Source data START

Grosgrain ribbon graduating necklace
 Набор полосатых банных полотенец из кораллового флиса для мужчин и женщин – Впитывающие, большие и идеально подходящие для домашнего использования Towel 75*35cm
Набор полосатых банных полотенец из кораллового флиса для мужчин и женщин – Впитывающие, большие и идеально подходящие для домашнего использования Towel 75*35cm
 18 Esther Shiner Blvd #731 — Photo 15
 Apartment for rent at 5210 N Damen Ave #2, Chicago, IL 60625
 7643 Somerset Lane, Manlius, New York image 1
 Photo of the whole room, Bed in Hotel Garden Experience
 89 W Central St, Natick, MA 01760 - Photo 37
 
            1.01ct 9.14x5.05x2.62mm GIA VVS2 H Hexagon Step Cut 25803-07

Source data END

What you should do
Among the entries above, find every line holding "полотенец" and copy it.

Problem solution
 Набор полосатых банных полотенец из кораллового флиса для мужчин и женщин – Впитывающие, большие и идеально подходящие для домашнего использования Towel 75*35cm
Набор полосатых банных полотенец из кораллового флиса для мужчин и женщин – Впитывающие, большие и идеально подходящие для домашнего использования Towel 75*35cm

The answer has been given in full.